The lack of any significant effect on NF-κB by our test compounds is rather surprising, especially since NF-κB is redox-sensitive and modulated by the thioredoxin system (21). Multiple lines of evidence indicate that NF-κB is an important mediator of carcinogenesis; depending on biological context, it modulates proliferation and apoptosis (31). Anticancer drugs, including P-S, inhibit NF-κB activation as part of their pharmacological activity (11; 31). This finding underscores the complexity of cell signaling pathways and suggests that the final outcome represents the balance of many competing processes.
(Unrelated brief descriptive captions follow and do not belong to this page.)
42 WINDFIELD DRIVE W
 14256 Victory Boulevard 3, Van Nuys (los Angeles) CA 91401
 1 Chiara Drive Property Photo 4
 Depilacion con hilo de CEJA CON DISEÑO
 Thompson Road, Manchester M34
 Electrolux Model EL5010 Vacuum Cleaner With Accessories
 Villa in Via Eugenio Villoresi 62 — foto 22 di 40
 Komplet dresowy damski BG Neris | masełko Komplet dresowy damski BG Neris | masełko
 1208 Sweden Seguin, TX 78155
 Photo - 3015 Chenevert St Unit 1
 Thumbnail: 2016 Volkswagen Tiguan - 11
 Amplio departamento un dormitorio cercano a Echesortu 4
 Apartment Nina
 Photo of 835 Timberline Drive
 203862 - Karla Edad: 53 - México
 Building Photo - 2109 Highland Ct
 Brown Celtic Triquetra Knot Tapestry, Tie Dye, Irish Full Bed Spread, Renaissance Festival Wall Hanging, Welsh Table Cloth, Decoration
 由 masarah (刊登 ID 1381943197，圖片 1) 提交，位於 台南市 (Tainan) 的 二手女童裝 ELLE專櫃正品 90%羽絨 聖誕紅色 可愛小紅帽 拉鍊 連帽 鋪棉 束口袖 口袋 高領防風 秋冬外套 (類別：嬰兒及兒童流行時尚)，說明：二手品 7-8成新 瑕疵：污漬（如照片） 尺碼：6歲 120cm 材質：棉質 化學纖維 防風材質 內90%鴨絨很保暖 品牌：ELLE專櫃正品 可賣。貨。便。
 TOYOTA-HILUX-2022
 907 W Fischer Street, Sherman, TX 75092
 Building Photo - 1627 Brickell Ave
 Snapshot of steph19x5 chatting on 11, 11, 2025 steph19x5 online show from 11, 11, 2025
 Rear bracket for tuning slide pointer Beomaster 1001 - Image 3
In conclusion, our study demonstrates that P-S combined with DFMO is a promising drug combination for colon cancer prevention. P-S/DFMO has an intricate mechanism of action that extends beyond polyamines, involving emerging regulators of chemoprevention such as the thioredoxin system. The (preclinical) safety of P-S may enable it to overcome safety concerns regarding the clinically successful combination of conventional sulindac with DFMO. Given P-S's efficacy and apparent safety as well as its effective combination with DFMO, P-S deserves further evaluation for its role in colon cancer prevention.
Grant support: NIH grants R01-CA139453, R01CA13945402 and 1N01CN43302WA22
The authors have nothing to disclose except for BR, who has an equity position in Medicon, Inc.